O Globo, n. 31502, 06/11/2019. Opinião, p. 2

Uma rota para ajustar o peso do Estado brasileiro


O pacote de medidas econômicas apresentado ontem ao Senado contém a ambição de uma reforma da Federação. Sua crítica política será feita durante o processo legislativo que, pela abrangência e pelo impacto das alterações constitucionais, tende a se prolongar no calendário de 2020, ano marcado pelas eleições municipais.

É necessário, desde já, considerar a relevância e o caráter emergencial de algumas das propostas agrupadas nesse “pacto federativo”. Uma delas é o fim do reajuste automático, pela inflação, nos gastos estatais classificados como obrigatórios.

Trata-se de uma desindexação dos orçamentos, prescritível em circunstâncias de extremas dificuldades fiscais e financeiras da União, estados e municípios.

No Brasil de hoje seria aplicável de imediato a pelo menos 12 estados: Rio de Janeiro, Rio Grande do Sul, Minas Gerais, Acre, Mato Grosso, Mato Grosso do Sul, Goiás, Tocantins, Maranhão, Piauí, Rio Grande do Norte e Paraíba.

Eles estão financeiramente combalidos, fragilizados porque suas despesas com servidores já ultrapassaram 60% da receita corrente líquida (apurada depois de descontadas as transferências obrigatórias aos municípios). Há estados, como Rio de Janeiro, Rio Grande do Sul e Minas Gerais, que já consomem cerca de 70% da receita líquida apenas com a folha (...)

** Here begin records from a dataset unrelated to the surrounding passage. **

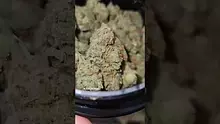 Green Man Video Thumbnail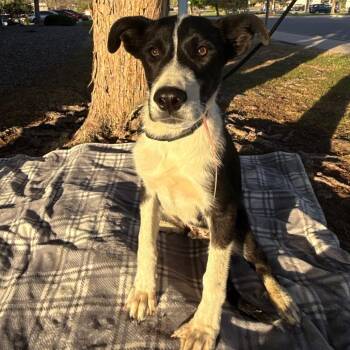 Australian Cattle Dog Blue Heeler and Mixed Breed Dogs Available for Adoption in Parker, Colorado - 566 (2026) Spencer | PetCurious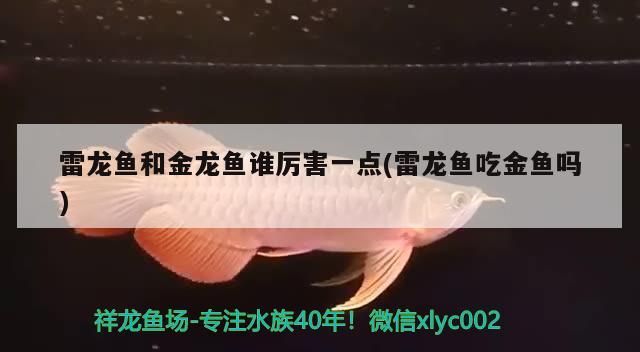 雷龍魚和金龍魚誰厲害一點(雷龍魚吃金魚嗎)（巴卡雷龍魚和金龍魚誰厲害一點）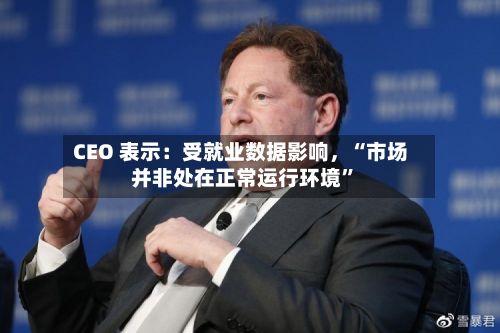CEO 表示:受就业数据影响,“市场并非处在正常运行环境”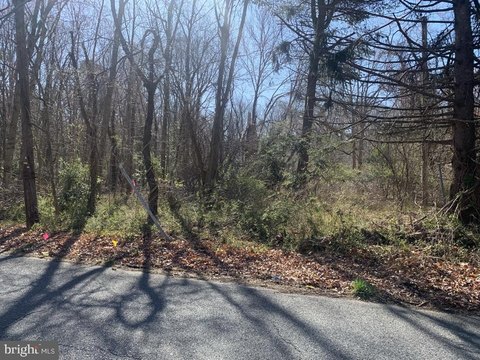 Land, WILLIAMSTOWN, NJ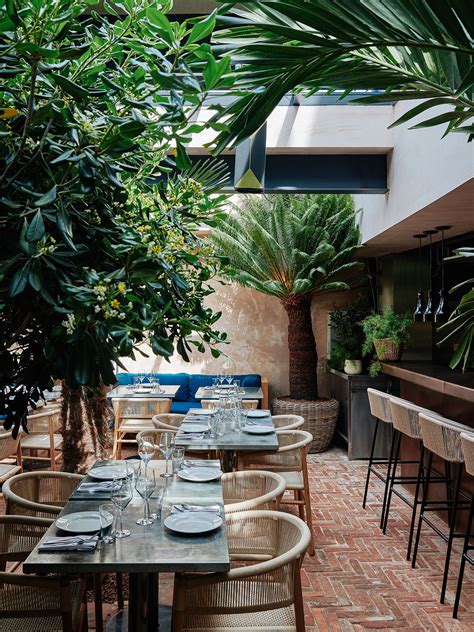 金餐厅评论 - 前河咖啡馆厨师西奥山的新开口|房屋和花园 - 188BET金博宝下载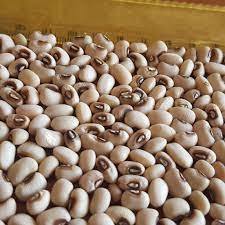 Frijoles Vigna de Caupí blanco orgánico de nueva cosecha Frijoles Vigna de ojo negro Premium del fabricante de fábrica - Product Image 2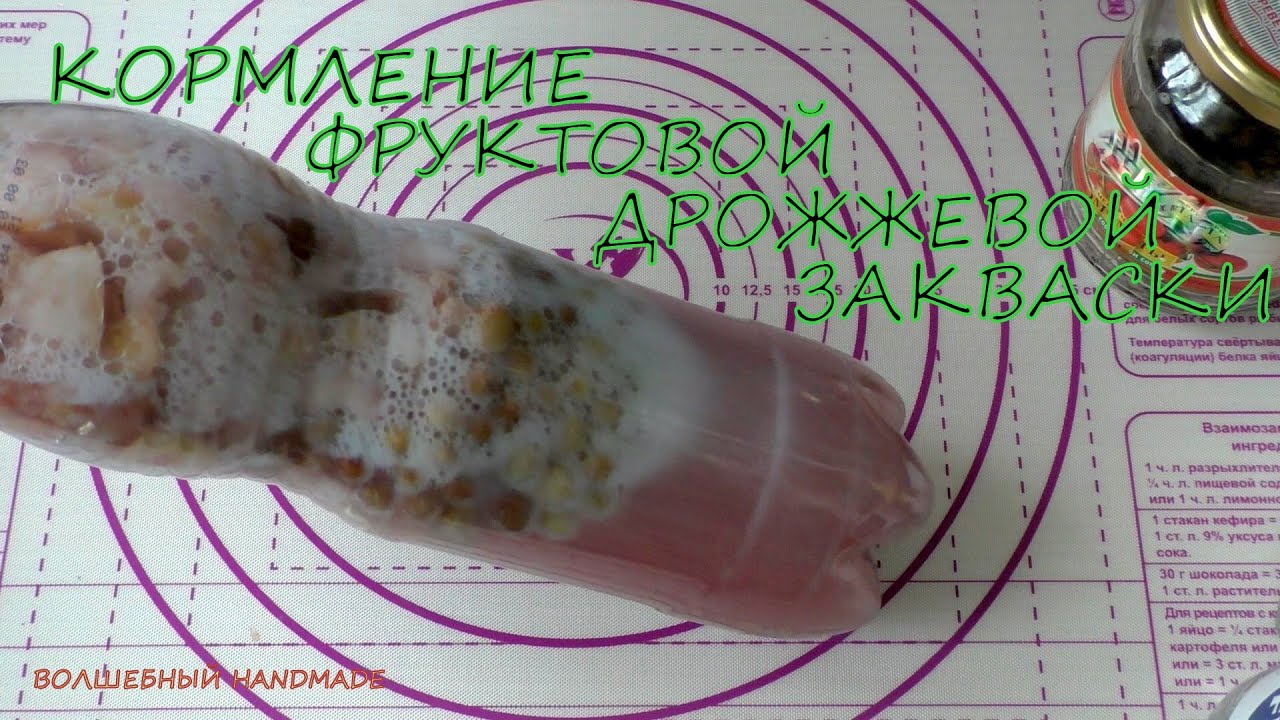 КОРМЛЕНИЕ ФРУКТОВОЙ дрожжевой воды//освежение фруктовой воды//vlog life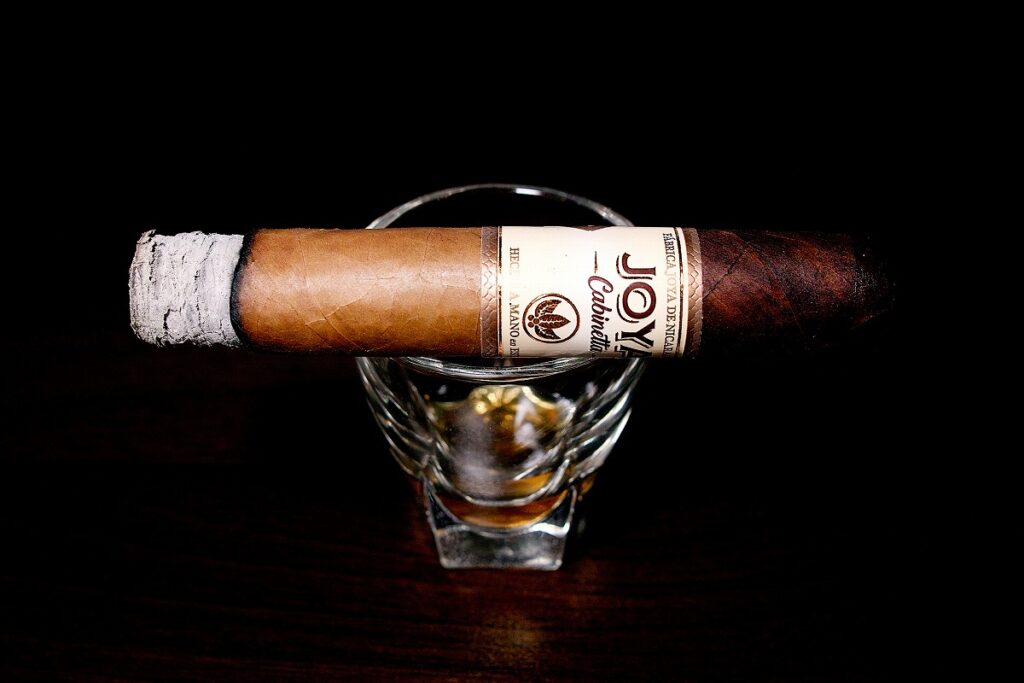 ホヤ・デ・ニカラグア キャビネッタ ロブスト/Joya de Nicaragua Cabinetta Robusto Cigar Review｜葉巻/シガー初心者の喫煙レビューブログ｜喫煙序盤ファーストサード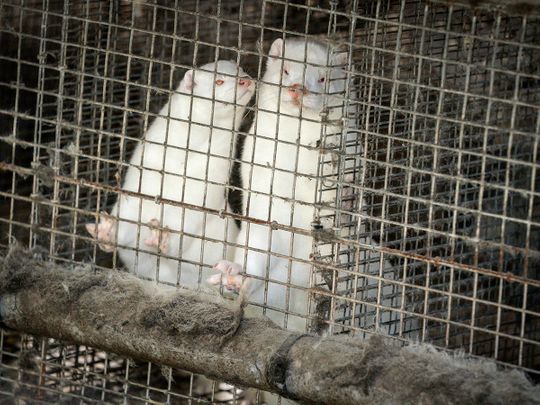 COVID-19: Denmark to dig up millions of dead mink after rushed cull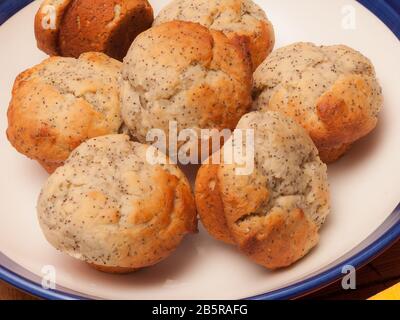 Un grupo de muffins de semillas de amapola de limón en una fuente para servir Foto de stock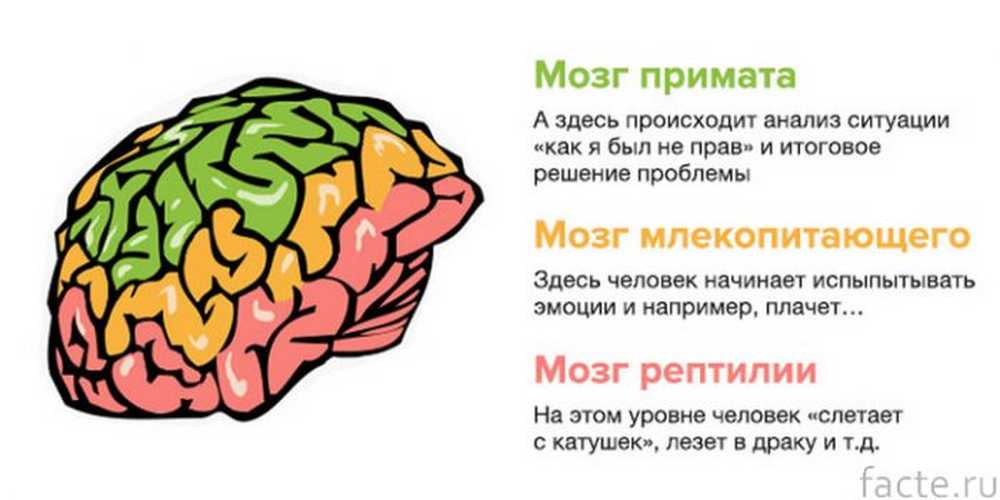 Мозг уровень. Три мозга человека. Рептильный мозг человека. Теория мозга. Три мозга рептильный.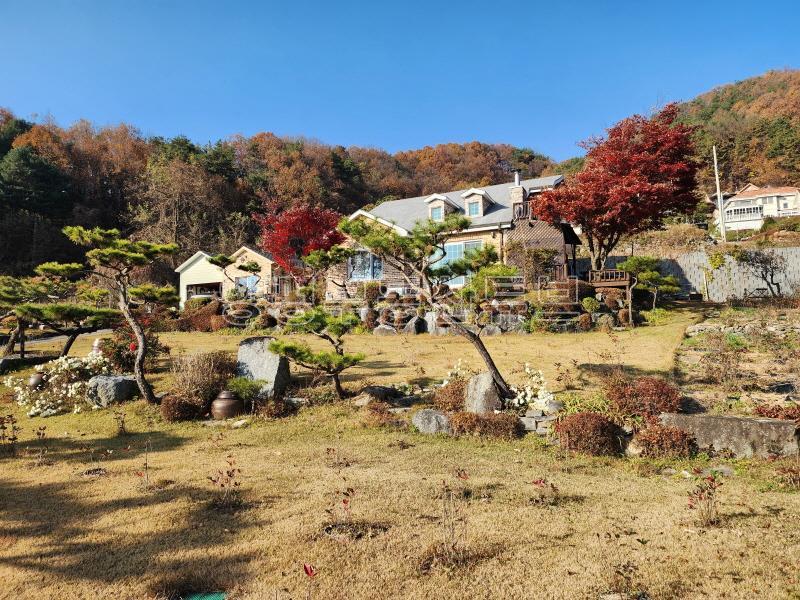 잘 가꾸어진 아름다운 정원과 연못이 있는 들꽃향 가득한 남향의 햇살 좋은 평화로운 집_1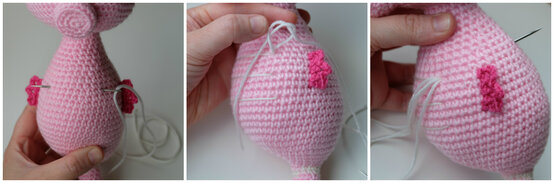 seahorse-6.jpg?sw=554&q=85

Pelo projeto, quando a soma das despesas atingir 95% da receita corrente líquida de qualquer um dos entes federativos, o ajuste das contas públicas se torna obrigatório. O prazo para reequilíbrio estaria limitado aos 12 meses seguintes.

Os “gatilhos” seriam acionados automaticamente para estados e municípios e, no caso da União, com autorização do Congresso. Isso retira dos governantes a opção da omissão por razões políticas. Ou lidera o processo de reequilíbrio fiscal ou se submete aos “gatilhos”.

Enquanto houver desequilíbrio, ficariam proibidos: promoção de servidores; concessão de reajustes; criação de cargos; reestruturações de carreiras; novos concursos e aditivos na folha de pagamentos, como indenizações. Proíbe-se, também, a criação de outras despesas constitucionais e mais benefícios tributários.

Na emergência, os servidores poderiam ter a jornada reduzida em até 25%, com corte proporcional nas remunerações. No caso da União, além disso, ficariam suspensos os repasses do Fundo de Amparo ao Trabalhador ao Banco Nacional de Desenvolvimento Econômico e Social.

É, em síntese, uma proposta para debate e decisão no Congresso que, certamente, vai adaptá-la à realidade política. Na essência tem o mérito de sinalizar a rota para ajustar o peso do Estado no bolso dos 209,3 milhões de brasileiros. Nos últimos três anos o setor público passou a consumir 49% do Produto Interno Bruto, quase metade de toda a riqueza produzida no país.